■ WORK REQUEST: Apart from the pictures, every part of the records below gets retyped exactly.

Records contained in a dataset:
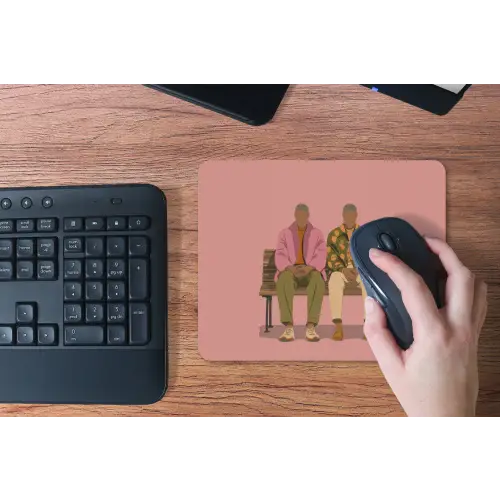 Illustratie - Bankje - Personen - Minimalistisch muismat rubber klein -toetsenbord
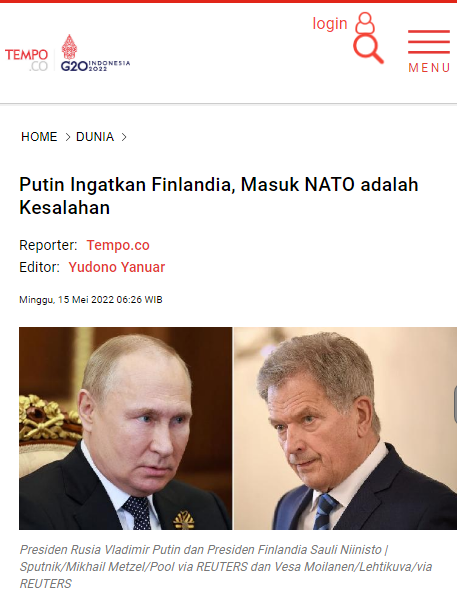 Putin Ingatkan Finlandia, Masuk NATO adalah Kesalahan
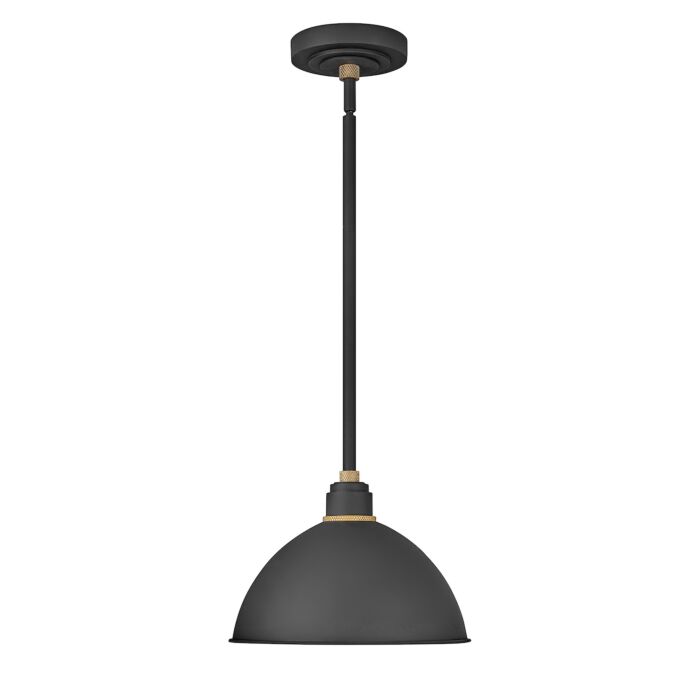 Hinkley Foundry Outdoor Hanging Light in Textured Black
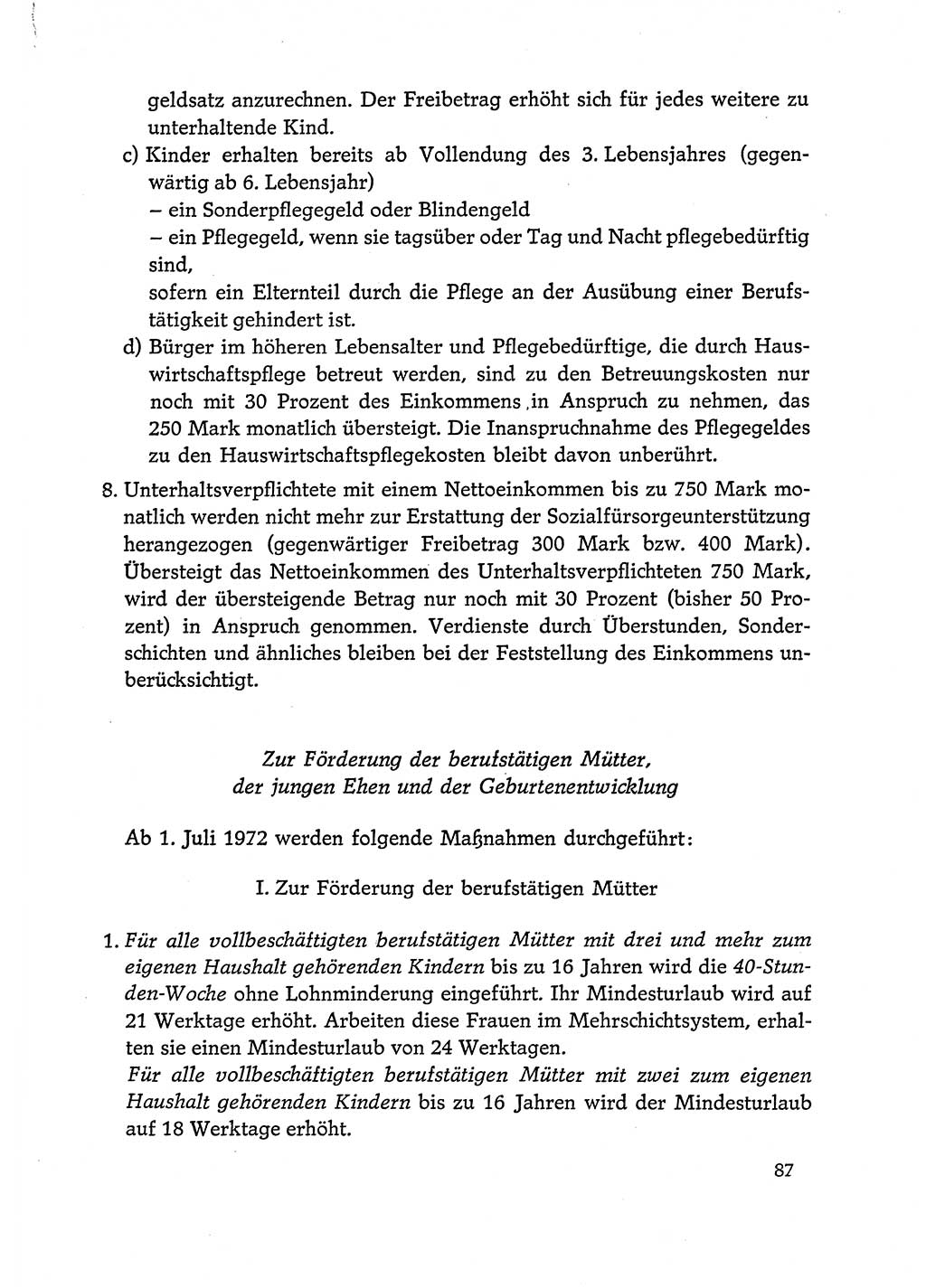 Dokumente der Sozialistischen Einheitspartei Deutschlands (SED) [Deutsche Demokratische Republik (DDR)] 1972-1973, Seite 87 (Dok. SED DDR 1972-1973, S. 87)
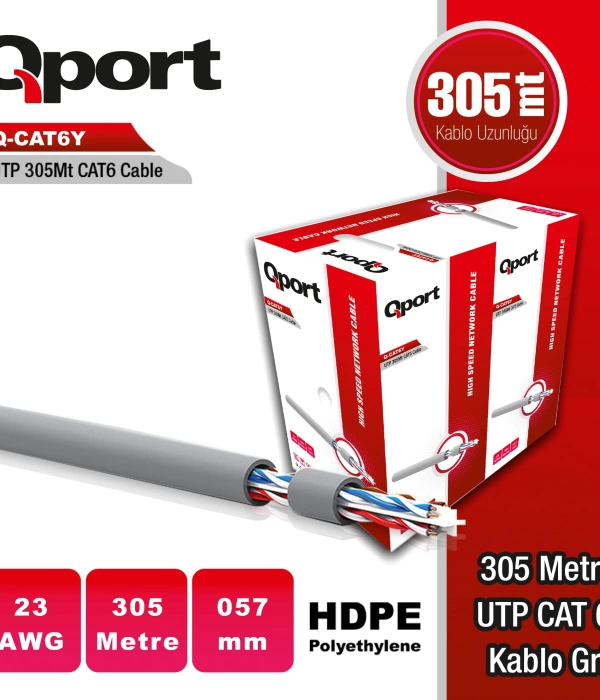 QPORT Q-CAT6Y 305 METRE 23AWG GRI CAT6 UTP PE KABLO
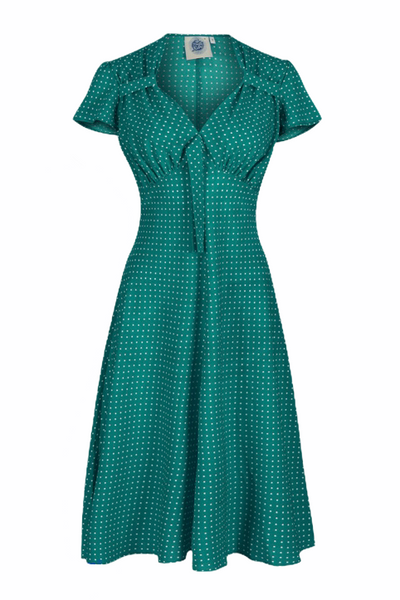 Pretty Retro 40s Tea Dress - Emerald-Pretty Retro-Sophies.dk
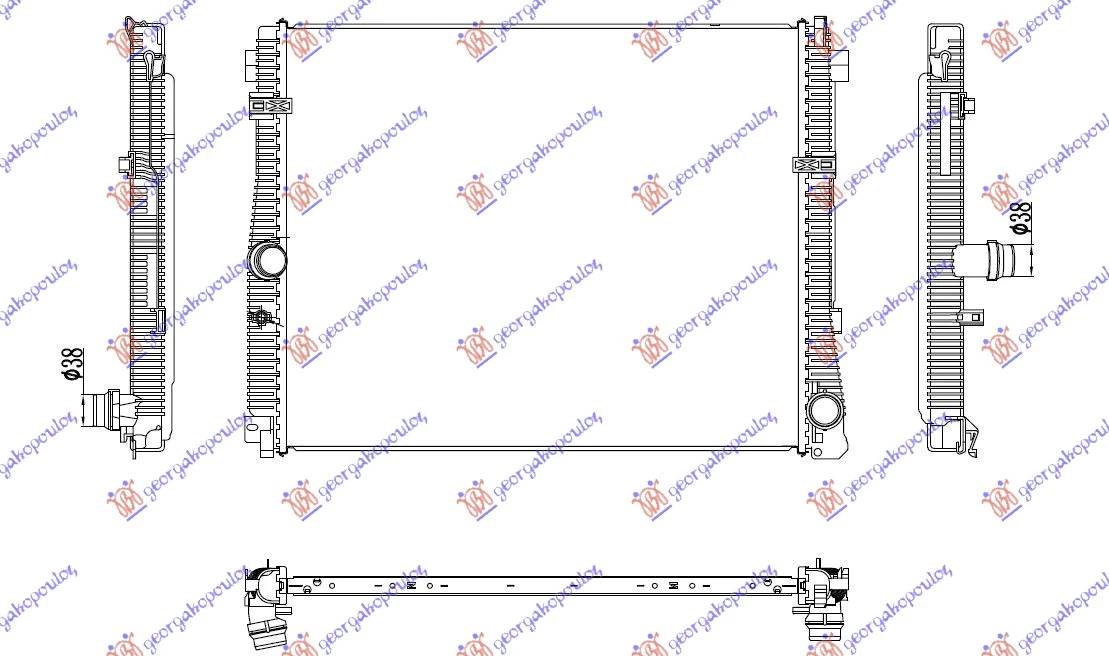 Bmw series 3 (g20/g21) sdn/s.w. 18-22 HLADNJAK MOTORA 2.0 BENZIN (615x502x22)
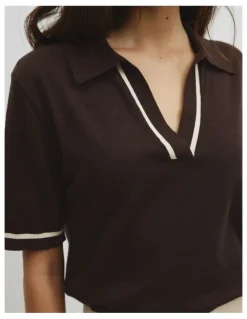 Country Road Cashmere Blend Short Sleeve Knit in Cocoa Bean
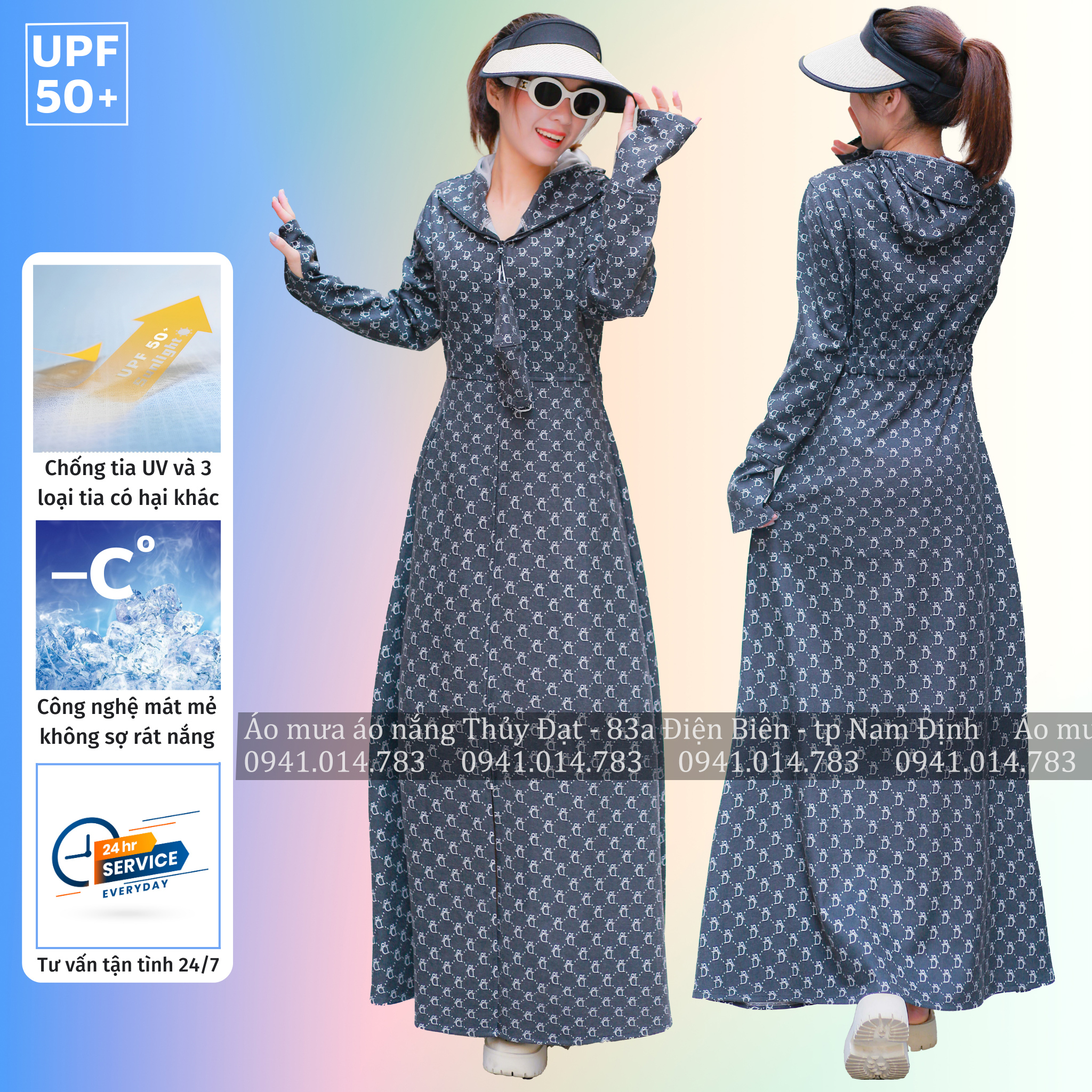 Áo chống nắng dáng dài dày dặn chất liệu Umi cao cấp dành cho nữ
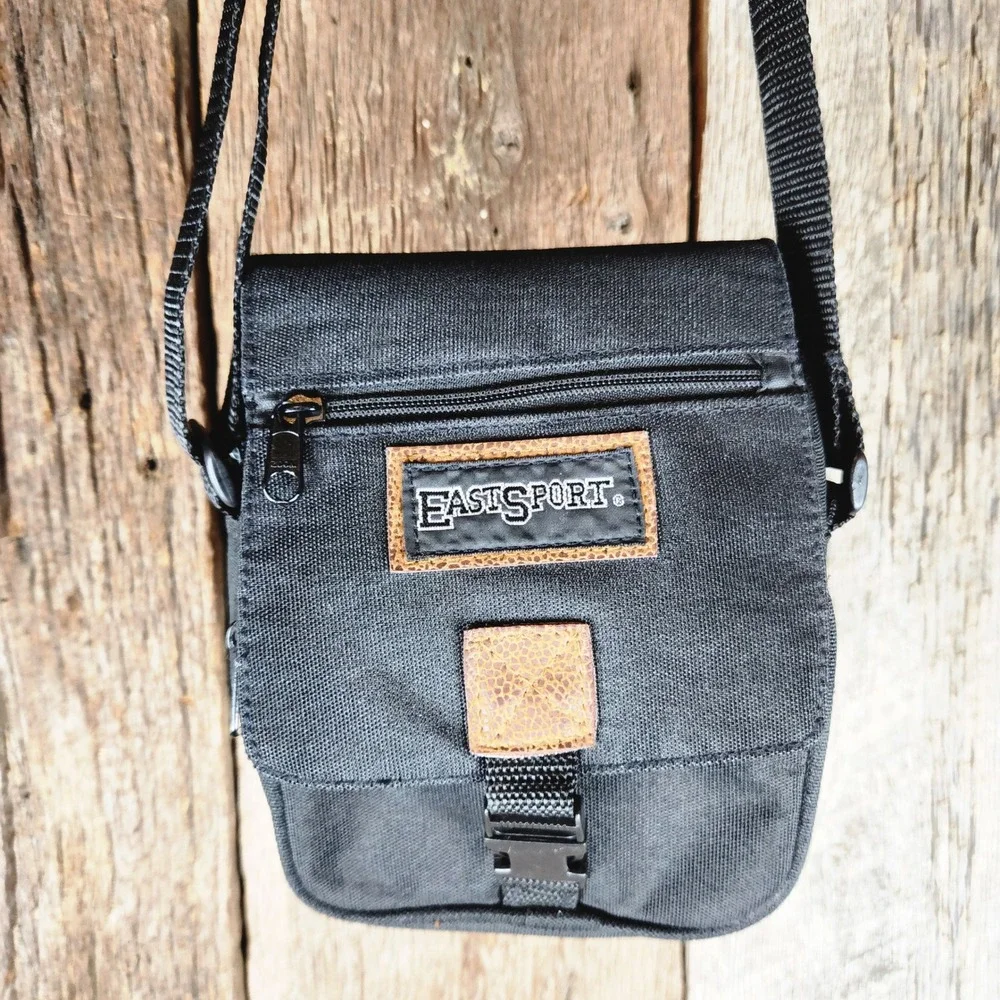 Vintage 90s Eastsport Crossbody Bag Black Small Travel Shoulder Utility Bag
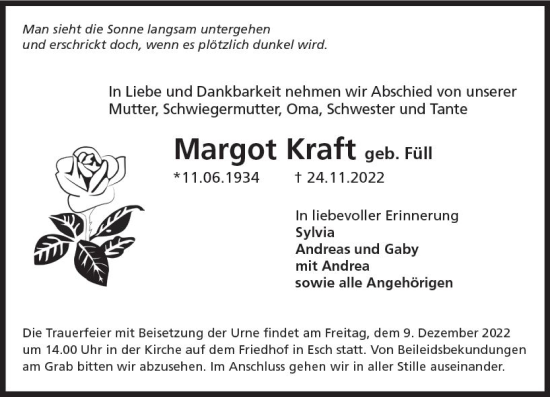 Traueranzeige von Margot Kraft von vrm-trauer Idsteiner Zeitung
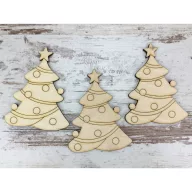 Natúr fa -  Díszes fenyőfa 10cm 3db/csomag – koszorúhoz, asztaldíszhez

■ TASK RESPONSE:
 Illustratie - Bankje - Personen - Minimalistisch muismat rubber klein -toetsenbord
 Putin Ingatkan Finlandia, Masuk NATO adalah Kesalahan
 Hinkley Foundry Outdoor Hanging Light in Textured Black
 Dokumente der Sozialistischen Einheitspartei Deutschlands (SED) [Deutsche Demokratische Republik (DDR)] 1972-1973, Seite 87 (Dok. SED DDR 1972-1973, S. 87)
 QPORT Q-CAT6Y 305 METRE 23AWG GRI CAT6 UTP PE KABLO
 Pretty Retro 40s Tea Dress - Emerald-Pretty Retro-Sophies.dk
 Bmw series 3 (g20/g21) sdn/s.w. 18-22 HLADNJAK MOTORA 2.0 BENZIN (615x502x22)
 Country Road Cashmere Blend Short Sleeve Knit in Cocoa Bean
 Áo chống nắng dáng dài dày dặn chất liệu Umi cao cấp dành cho nữ
 Vintage 90s Eastsport Crossbody Bag Black Small Travel Shoulder Utility Bag
 Traueranzeige von Margot Kraft von vrm-trauer Idsteiner Zeitung
 Natúr fa -  Díszes fenyőfa 10cm 3db/csomag – koszorúhoz, asztaldíszhez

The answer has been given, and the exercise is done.